Garret Wilson wrote:
>
> I'd like to announce a new semantic framework named the Uniform 
> Resource Framework (URF), an alternative to RDF, XML, and JSON. The 
> complete specification is here:
>
> http://www.urf.name/
>
> If you'd like to jump right in and try out URF, you can find an online 
> URF processor here:
>
> http://www.guiseframework.com/demo/urfprocess
>
> The online processor allows you to paste in any valid TURF (Text URF, 
> the default text format of URF) and see the resulting assertions, a 
> TURF representation, and an interactive URF resource tree.

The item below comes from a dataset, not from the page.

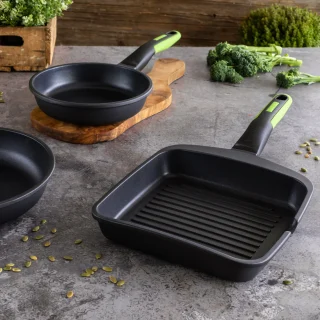 Grill antiadherente con rayas Experta Monix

You can 
> even paste in RDF/XML, and it will be converted to URF, allowing you 
> to see directly how URF differs from RDF. I suggest copying some 
> examples from the URF specification and/or from the RDF Primer to 
> start out.
>
> I've also provided an entire open-source source code library for 
> parsing URF from TURF, parsing URF from RDF/XML, creating a Java 
> instance tree from URF, generating TURF from URF, generating URF from 
> a Java instance tree, and manipulating URF in-memory using a simple 
> but comprehensive API. This is not a set of hacks, but robust, 
> thread-safe, fully-commented production code. The source code can be 
> retrieved from the Subversion repository below, with corresponding 
> online API documentation. The Guise(TM) development library is 
> distributed with the URF library already compiled.
>
> Source: https://svn.globalmentor.com/java/src/com/garretwilson/urf/
> API: 
> http://www.guiseframework.com/api/com/garretwilson/urf/package-summary.html 
>
> Library: http://www.guiseframework.com/com.guiseframework-unlicensed.jar
>
> A few highlights from the URF specification:
>
> * Everything in URF is a resource---even a string, a character, an 
> integer, a real, a boolean, a date, or a regular expression.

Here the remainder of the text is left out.